• [EXERCISE BRIEF]: The entries must be set down again word for word; no pictures belong in the copy.
---
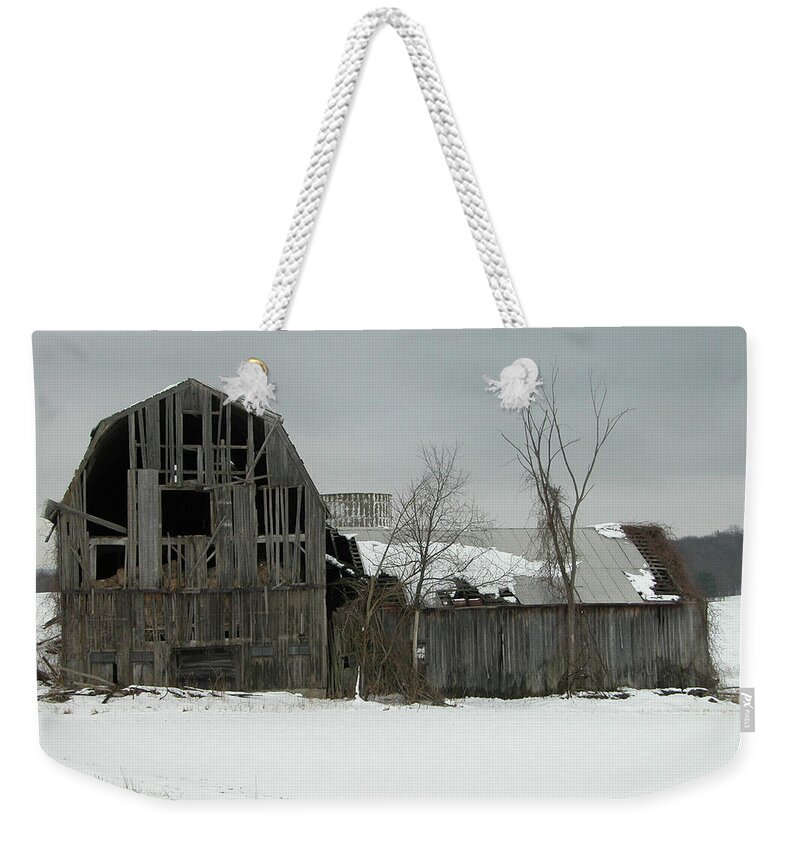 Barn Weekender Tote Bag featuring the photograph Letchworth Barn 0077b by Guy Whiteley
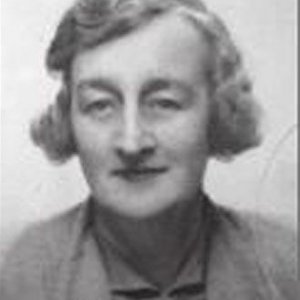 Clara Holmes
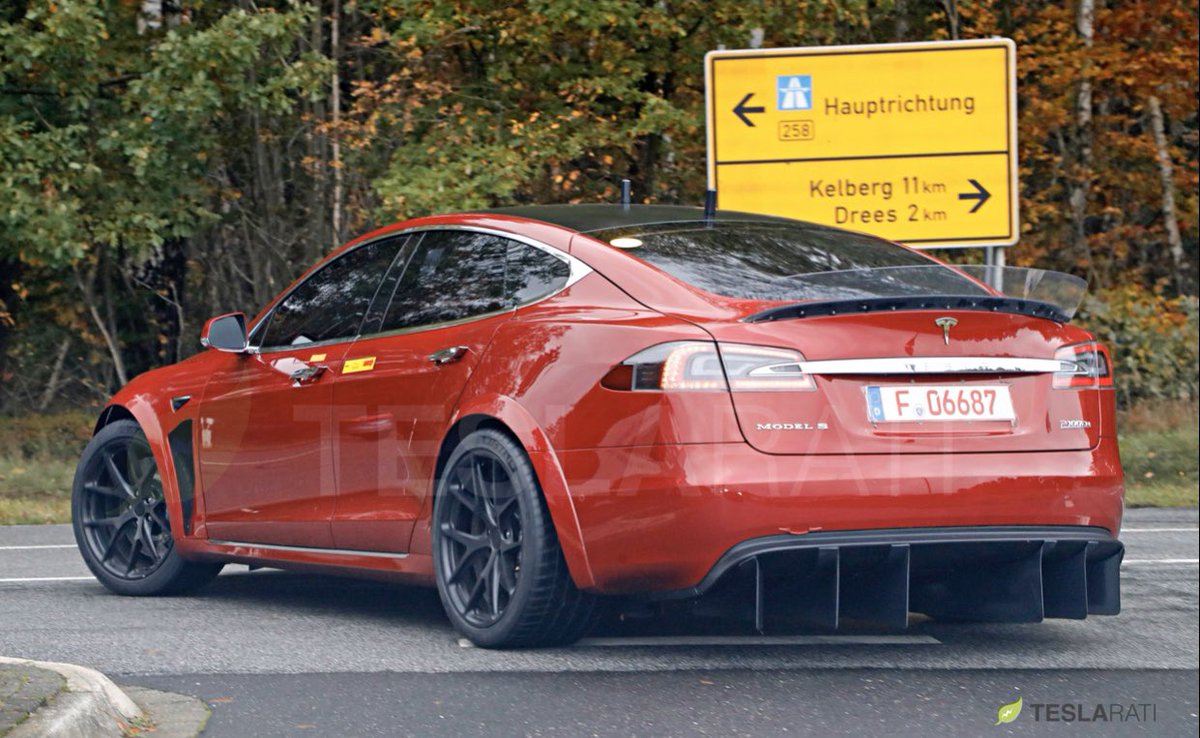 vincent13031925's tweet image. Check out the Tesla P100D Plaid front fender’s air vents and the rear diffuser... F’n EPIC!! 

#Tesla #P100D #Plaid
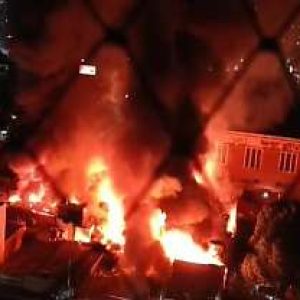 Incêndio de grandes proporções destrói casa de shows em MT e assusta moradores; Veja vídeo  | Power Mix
---
• [YOUR SOLUTION]:
 Barn Weekender Tote Bag featuring the photograph Letchworth Barn 0077b by Guy Whiteley
 Clara Holmes
 vincent13031925's tweet image. Check out the Tesla P100D Plaid front fender’s air vents and the rear diffuser... F’n EPIC!! 

#Tesla #P100D #Plaid
 Incêndio de grandes proporções destrói casa de shows em MT e assusta moradores; Veja vídeo  | Power Mix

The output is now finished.